Former Co-op bank chairman Paul Flowers has been arrested in the UK in connection with a drugs supply investigation, police said today.

West Yorkshire Police said officers arrested the 63-year-old in the Merseyside area last night and detectives are questioning him at a police station in West Yorkshire.

Mr Flowers, a Methodist minister, was suspended by both the church and the Labour party following allegations that he bought and used illegal drugs.

Mr Flowers stepped down from his role as Co-op bank chairman in June and questions have since been asked about his competence in the role.

He has also been engulfed in allegations of illegal drug use, gay sex, questions over his expenses claims at a drug charity and drink-driving.

It also emerged he had resigned as a Labour councillor after adult material was discovered on his computer.

Co-op bank is seeking to recover contractual payments made to Mr Flowers, and he has been told to hand back £31,000.
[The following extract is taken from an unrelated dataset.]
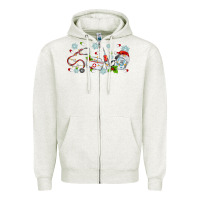 Oatmeal Heather christmas nurse Zipper Hoodie - MaliasSmallBusiness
“When Paul Flowers relinquished his responsibilities in June, it was agreed, as per his contractual obligations, that his fees for the rest of his period of office would be paid,” the bank said in a statement.

“Following recent revelations, the board stopped all payments with immediate effect and no further payments will be made.”

An “internal fact-finding review” – looking at emails and other evidence – is being carried out by the bank.

The assistant secretary of the Methodist Conference, the Rev Gareth Powell, acknowledged the risk that allegations against Mr Flowers would ``tarnish'' the church's reputation.

Mr Powell told the BBC: “I think inevitably some of the speculation has raised questions, as it always does for the church, about the trustworthiness of ministers.

“Inevitably, it’s regrettable when the allegations made against one minister then tarnishes the extremely good and honourable work undertaken by all of our ministers.

“Certainly the actions that are now under public scrutiny inevitably raise a question about the role of the church.”